WHAT THE EXERCISE ASKS: For this exercise, output the line containing "musubore(ムスボレ)の「knit hoodie with" and every line after it through the end of the records, exactly, and no other line.

Start of DATA FOR PROCESSING

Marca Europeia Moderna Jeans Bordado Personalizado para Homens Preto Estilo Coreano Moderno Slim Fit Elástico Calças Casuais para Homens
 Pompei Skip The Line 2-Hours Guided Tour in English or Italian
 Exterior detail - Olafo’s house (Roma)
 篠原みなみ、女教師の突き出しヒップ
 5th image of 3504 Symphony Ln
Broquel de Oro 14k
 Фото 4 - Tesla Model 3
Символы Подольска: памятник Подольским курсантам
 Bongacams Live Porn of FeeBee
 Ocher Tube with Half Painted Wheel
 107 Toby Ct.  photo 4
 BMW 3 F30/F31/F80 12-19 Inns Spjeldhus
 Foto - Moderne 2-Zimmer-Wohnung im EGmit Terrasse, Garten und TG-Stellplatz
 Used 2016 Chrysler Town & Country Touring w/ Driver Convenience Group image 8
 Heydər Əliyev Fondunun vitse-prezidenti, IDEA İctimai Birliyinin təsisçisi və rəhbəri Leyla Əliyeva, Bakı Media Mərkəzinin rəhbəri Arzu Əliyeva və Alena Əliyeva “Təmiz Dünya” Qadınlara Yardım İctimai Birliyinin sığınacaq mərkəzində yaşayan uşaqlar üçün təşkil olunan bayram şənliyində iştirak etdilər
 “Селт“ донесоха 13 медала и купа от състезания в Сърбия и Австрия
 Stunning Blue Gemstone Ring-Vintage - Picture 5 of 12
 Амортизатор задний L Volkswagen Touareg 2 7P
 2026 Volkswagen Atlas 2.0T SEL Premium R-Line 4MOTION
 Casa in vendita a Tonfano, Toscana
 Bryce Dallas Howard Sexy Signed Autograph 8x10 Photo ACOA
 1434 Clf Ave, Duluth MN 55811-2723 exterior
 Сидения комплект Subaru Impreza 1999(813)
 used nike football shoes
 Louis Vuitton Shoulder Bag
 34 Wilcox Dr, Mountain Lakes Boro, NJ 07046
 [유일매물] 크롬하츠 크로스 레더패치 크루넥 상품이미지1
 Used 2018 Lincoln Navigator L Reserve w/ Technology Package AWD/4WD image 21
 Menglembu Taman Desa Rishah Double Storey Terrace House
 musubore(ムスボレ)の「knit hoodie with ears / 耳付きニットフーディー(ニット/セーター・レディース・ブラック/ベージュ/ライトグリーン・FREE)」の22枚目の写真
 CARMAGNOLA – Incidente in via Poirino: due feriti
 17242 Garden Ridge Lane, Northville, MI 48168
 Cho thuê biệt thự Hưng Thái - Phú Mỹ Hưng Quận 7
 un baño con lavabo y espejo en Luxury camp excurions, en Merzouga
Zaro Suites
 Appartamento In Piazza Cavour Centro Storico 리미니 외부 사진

End of DATA FOR PROCESSING

ANSWER SECTION:
 musubore(ムスボレ)の「knit hoodie with ears / 耳付きニットフーディー(ニット/セーター・レディース・ブラック/ベージュ/ライトグリーン・FREE)」の22枚目の写真
 CARMAGNOLA – Incidente in via Poirino: due feriti
 17242 Garden Ridge Lane, Northville, MI 48168
 Cho thuê biệt thự Hưng Thái - Phú Mỹ Hưng Quận 7
 un baño con lavabo y espejo en Luxury camp excurions, en Merzouga
Zaro Suites
 Appartamento In Piazza Cavour Centro Storico 리미니 외부 사진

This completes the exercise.